Okudzeto Ablakwa, MP
In a statement shared on the official facebook page of the North Tongu Legislator, he disclosed that the Ministry of Special Development Initiatives spent less than a million cedis when it was operational in 2020.
“Before President Akufo-Addo’s infamous Ministry for Special Development Initiatives was scrapped in 2021, the 2020 Budget confirms at page 234 (appendix 7) that it had a total staff strength of 26 with annual salaries amounting to a sum of GHS977,562 (less than 1million).”
Okudzeto Ablakwa, MP
Hon. Ablakwa argued why a secretariat curved out of a defunct Ministry spent more than the Ministry spent when the Ministry was functional.
The reason for dissolving the Ministry of Special Development Initiatives and some other Ministries created during President Akufo-Addo’s first term in office was to cut down on Government’s expenditure.
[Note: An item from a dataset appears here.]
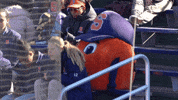 Sitting Syracuse University GIF by TheDreamTeam 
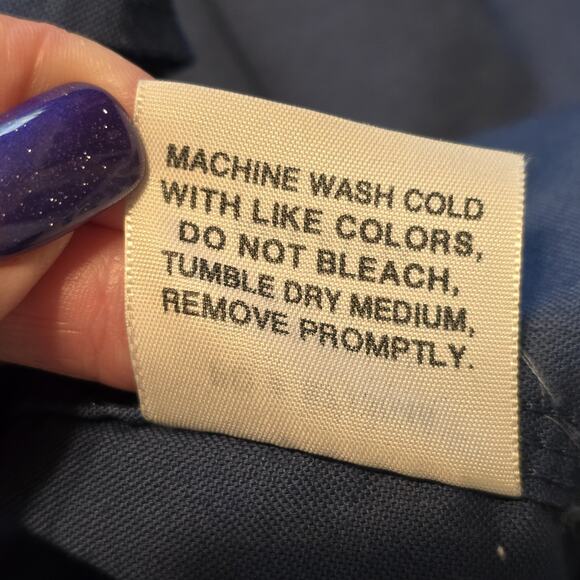 Carhartt Mens Chore Shirt Button Up Size Large Blue Long Sleeve Outdoors Utility - Picture 6 of 10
However, in a rather unfortunate turn of events, Okudzeto Ablakwa reports that Government’s expenditure on compensations in the Special Development Initiatives Secretariat for 2021 alone, was an increase of 36,538.6% of what it spent in 2020 when it was a Ministry of State.
“The 2021 Auditor General’s Report on General Government reveals at page 200 that after Special Development Initiatives became a secretariat at the Presidency last year, their actual compensation has seen an astronomical increase from GH¢977,562 in 2020 to GH¢358,164,828. This represents a scary percentage increase of 36,538.6% and an additional burden of more than GH¢357million.”
Okudzeto Ablakwa, MP
Moreover, Hon. Ablakwa noted that when other expenditures in the secretariat are added, then in 2021, Ghana spent almost a billion cedis in the Special Development Initiatives Secretariat.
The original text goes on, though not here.